▶ [What to produce]: Reproduce, with no changes, the line where "掌牛宝 APP借贷何以无孔不入？个人信息泄露导致诈骗案件频发" appears and every subsequent line of the listing, the last one included.

▽

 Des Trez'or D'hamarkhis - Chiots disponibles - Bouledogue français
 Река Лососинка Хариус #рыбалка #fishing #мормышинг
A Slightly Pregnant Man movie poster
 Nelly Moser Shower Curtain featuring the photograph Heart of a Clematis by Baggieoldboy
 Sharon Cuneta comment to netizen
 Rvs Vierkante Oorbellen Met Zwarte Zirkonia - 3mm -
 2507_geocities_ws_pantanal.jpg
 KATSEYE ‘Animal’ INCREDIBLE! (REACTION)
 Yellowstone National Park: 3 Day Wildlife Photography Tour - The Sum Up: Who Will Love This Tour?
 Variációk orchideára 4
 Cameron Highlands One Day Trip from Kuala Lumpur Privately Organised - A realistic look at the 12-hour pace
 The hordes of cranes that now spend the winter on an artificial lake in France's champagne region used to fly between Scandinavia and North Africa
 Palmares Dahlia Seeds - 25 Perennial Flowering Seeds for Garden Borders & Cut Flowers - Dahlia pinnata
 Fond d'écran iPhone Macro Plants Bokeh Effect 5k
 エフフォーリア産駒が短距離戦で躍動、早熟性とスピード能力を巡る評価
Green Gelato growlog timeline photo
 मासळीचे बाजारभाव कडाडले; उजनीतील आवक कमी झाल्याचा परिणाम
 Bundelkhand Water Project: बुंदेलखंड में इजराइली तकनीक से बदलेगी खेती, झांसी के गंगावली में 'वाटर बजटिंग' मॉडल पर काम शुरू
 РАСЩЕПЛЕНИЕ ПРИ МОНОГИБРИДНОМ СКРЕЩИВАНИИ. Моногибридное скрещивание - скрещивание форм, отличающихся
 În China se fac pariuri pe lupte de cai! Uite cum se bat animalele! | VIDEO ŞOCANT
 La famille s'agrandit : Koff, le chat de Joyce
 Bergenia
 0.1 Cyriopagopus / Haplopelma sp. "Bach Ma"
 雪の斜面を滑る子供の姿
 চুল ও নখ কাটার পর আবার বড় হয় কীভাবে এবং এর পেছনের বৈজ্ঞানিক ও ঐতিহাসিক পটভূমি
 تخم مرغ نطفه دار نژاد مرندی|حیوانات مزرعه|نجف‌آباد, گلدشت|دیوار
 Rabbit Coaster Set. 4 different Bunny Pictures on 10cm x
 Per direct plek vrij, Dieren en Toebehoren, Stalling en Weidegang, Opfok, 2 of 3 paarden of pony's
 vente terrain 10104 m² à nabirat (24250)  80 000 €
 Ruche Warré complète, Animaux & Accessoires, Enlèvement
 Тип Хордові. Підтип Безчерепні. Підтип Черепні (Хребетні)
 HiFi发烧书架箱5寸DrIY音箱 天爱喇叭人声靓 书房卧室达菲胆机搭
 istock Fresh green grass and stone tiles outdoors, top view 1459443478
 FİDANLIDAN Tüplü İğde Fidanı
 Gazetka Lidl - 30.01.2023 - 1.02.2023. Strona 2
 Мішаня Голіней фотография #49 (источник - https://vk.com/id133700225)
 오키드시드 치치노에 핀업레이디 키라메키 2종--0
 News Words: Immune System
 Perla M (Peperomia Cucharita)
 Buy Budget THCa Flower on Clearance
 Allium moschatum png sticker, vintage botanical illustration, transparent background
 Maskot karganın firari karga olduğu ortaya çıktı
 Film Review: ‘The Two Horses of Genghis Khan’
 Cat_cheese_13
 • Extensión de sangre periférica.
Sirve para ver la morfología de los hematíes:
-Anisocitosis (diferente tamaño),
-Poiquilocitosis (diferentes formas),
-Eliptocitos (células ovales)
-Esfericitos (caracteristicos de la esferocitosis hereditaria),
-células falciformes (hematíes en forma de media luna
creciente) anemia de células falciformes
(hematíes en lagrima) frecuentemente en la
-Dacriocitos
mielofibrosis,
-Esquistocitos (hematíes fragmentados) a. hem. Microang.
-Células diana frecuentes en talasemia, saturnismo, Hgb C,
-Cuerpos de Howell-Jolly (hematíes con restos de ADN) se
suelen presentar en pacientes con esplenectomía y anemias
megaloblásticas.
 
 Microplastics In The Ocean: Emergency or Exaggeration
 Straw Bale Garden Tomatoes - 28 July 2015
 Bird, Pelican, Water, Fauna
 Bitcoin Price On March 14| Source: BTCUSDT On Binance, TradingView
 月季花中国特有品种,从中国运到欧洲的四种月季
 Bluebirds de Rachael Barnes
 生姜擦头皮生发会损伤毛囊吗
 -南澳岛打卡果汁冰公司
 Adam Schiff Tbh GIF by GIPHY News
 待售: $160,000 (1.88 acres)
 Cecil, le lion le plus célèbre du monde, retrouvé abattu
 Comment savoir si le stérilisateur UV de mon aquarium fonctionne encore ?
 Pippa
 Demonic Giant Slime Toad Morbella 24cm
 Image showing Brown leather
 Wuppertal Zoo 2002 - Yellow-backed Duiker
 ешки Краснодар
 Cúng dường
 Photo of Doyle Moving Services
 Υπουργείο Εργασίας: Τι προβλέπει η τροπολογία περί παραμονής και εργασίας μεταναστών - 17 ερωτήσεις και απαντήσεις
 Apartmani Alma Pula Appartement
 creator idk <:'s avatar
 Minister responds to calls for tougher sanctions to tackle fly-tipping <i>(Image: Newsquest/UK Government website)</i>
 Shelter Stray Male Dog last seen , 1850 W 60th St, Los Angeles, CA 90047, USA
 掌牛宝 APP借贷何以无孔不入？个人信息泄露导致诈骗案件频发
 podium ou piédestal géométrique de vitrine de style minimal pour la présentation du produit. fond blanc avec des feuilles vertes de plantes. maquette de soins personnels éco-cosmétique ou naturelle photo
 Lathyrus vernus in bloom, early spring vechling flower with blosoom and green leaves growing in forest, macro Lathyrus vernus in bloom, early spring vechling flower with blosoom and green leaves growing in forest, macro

△

▶ [Reply]:
 掌牛宝 APP借贷何以无孔不入？个人信息泄露导致诈骗案件频发
 podium ou piédestal géométrique de vitrine de style minimal pour la présentation du produit. fond blanc avec des feuilles vertes de plantes. maquette de soins personnels éco-cosmétique ou naturelle photo
 Lathyrus vernus in bloom, early spring vechling flower with blosoom and green leaves growing in forest, macro Lathyrus vernus in bloom, early spring vechling flower with blosoom and green leaves growing in forest, macro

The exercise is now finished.